Studio Join Properties editor offers the following join algorithm options:
- Automatic Option
- Hash Join Option
- NESTEDLOOP Join Option
- SORTMERGE Join Option
- Semijoin Optimization Option
- Star Schema Semijoin
Please refer documentation for me details.
When we think avout OPTIMIZATION, It is always a combination of the hardware, memory, query optimization and the overall project design.
This KB article will give guidelines to optimize JOINs. Below are some of broad level “Best Practices Guidelines” are given your convenience:
1. Capacity planning according to your project needs.
2. Optimize query plans by eliminating the nodes to prevent local crunching at CIS that can be pushed to the native data source instead.
See the ranking in terms of general efficiency. Preference may vary in specific scenarios.
- Nested Loop (Slowest)
- Hash
- Sort-Merge
- Semi-Join (Fastest)
Manage Join order, by observing table sizes, result-set sizes, join cardinalities, timing of execution with respect to overall load at that time of the day.

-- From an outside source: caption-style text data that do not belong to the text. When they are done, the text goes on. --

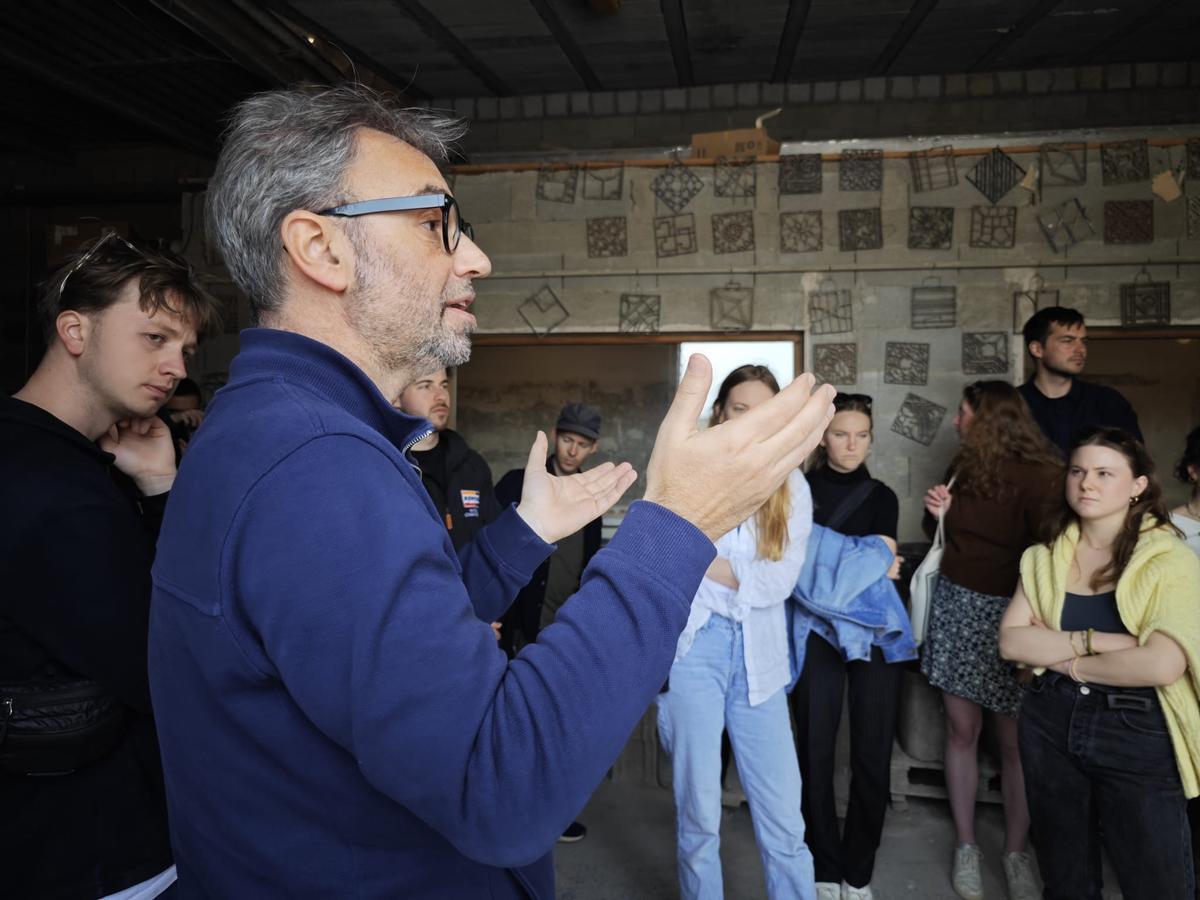 Los alumnos del catedrático Roger Boltshauser de la escuela más puntera de Europa visitan arquitectos, edificios y empresas de la isla que son líderes en sostenibilidad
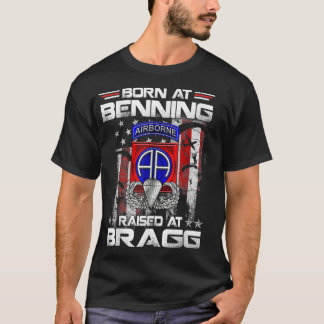 Geboren op Ft Benning Raised Fort Bragg Airborne,  T-shirt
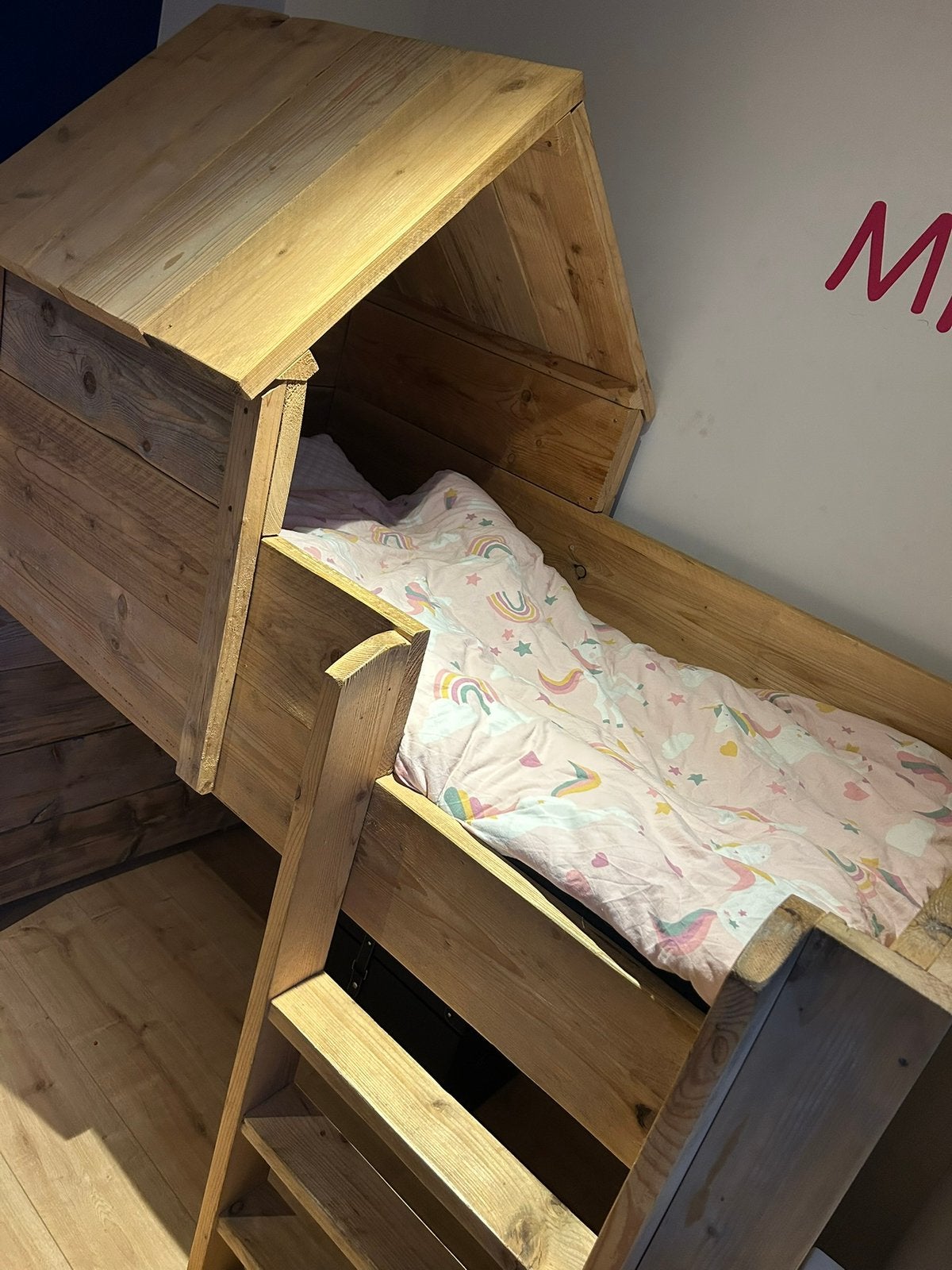 Halfhoog kinder bed, Kinderen en Baby's, Kinderkamer | Stapelbedden en Hoogslapers, Ophalen, Zo goed als nieuw, Hoogslaper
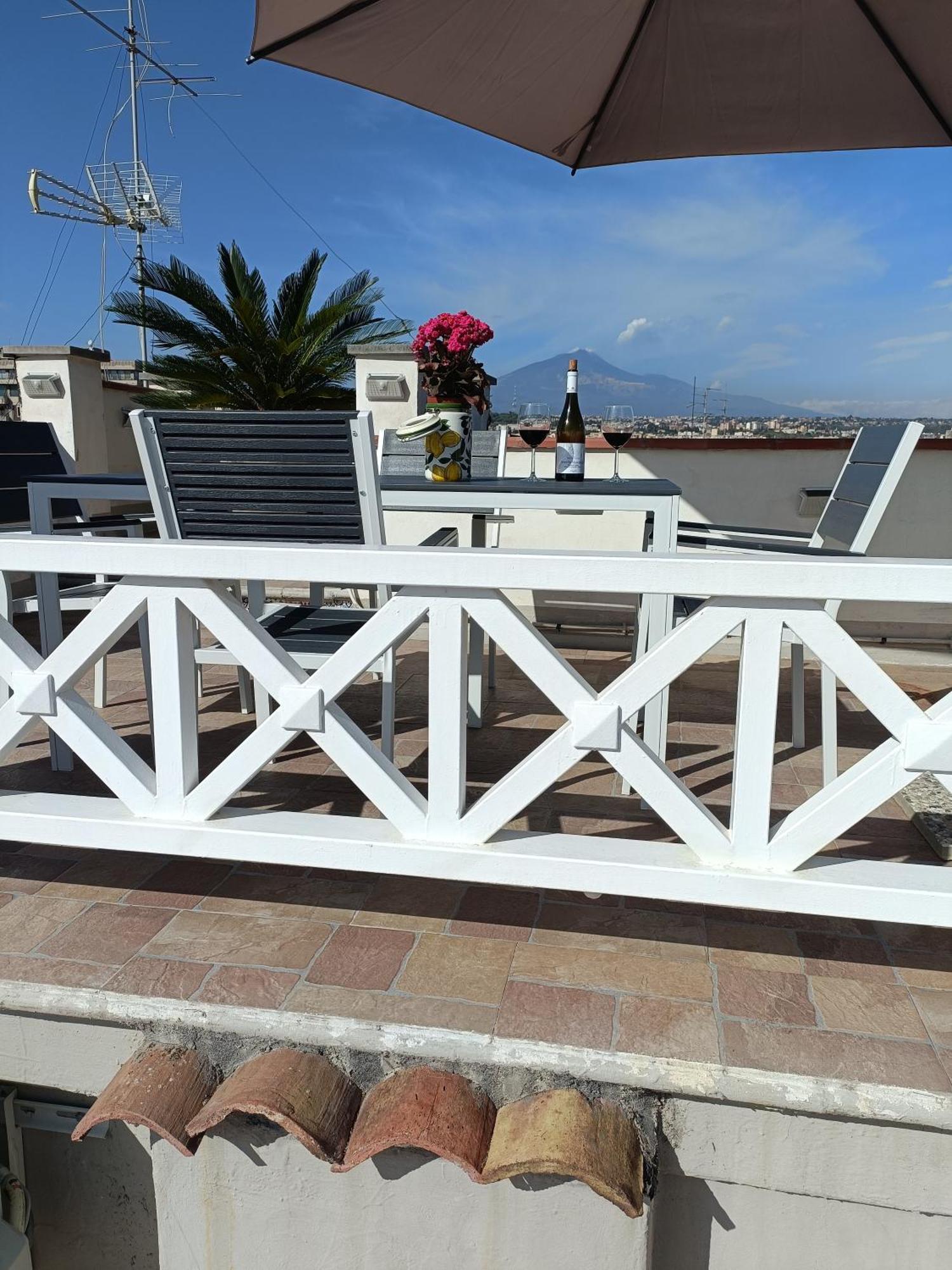 La Terrazza Sul Cielo Apartamento Catânia Exterior foto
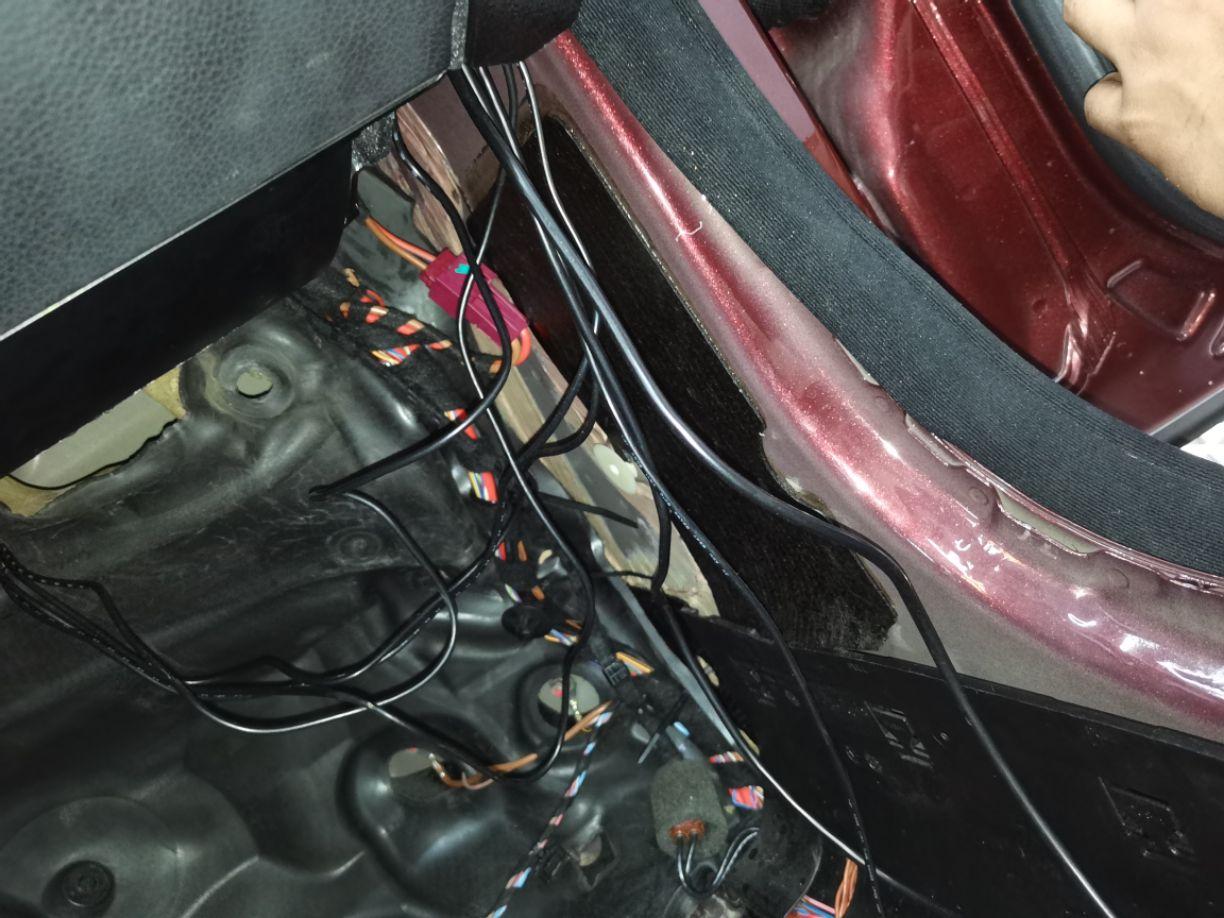 13款奔驰c180天窗排水口位置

Validate that the TDV is using the proper Join Order
- The node on left hand side should always be of smaller cardinality than that on the right.
- The first node under the JOIN node in “Show Execution Plan” is the left side.
- All outer joins should be automatically converted to right outer joins,
- Join ordering is important for three reasons
- The smaller table will take up less memory.
- Less likely to swap to disk (10x performance hit).
- It is more efficient to create and load a smaller hash table into memory.
Implement Caching for frequently fetched data.
- Use Database managed cache if queries will apply selections against cache (leverage indexed columns).
- Use Database managed cache if cached views to be joined so that the join may be pushed down.
- Use Database managed to cache source tables from 2 different data sources to allow pushdown of joins.
- Cache source table to get snapshots for consistent data on volatile sources.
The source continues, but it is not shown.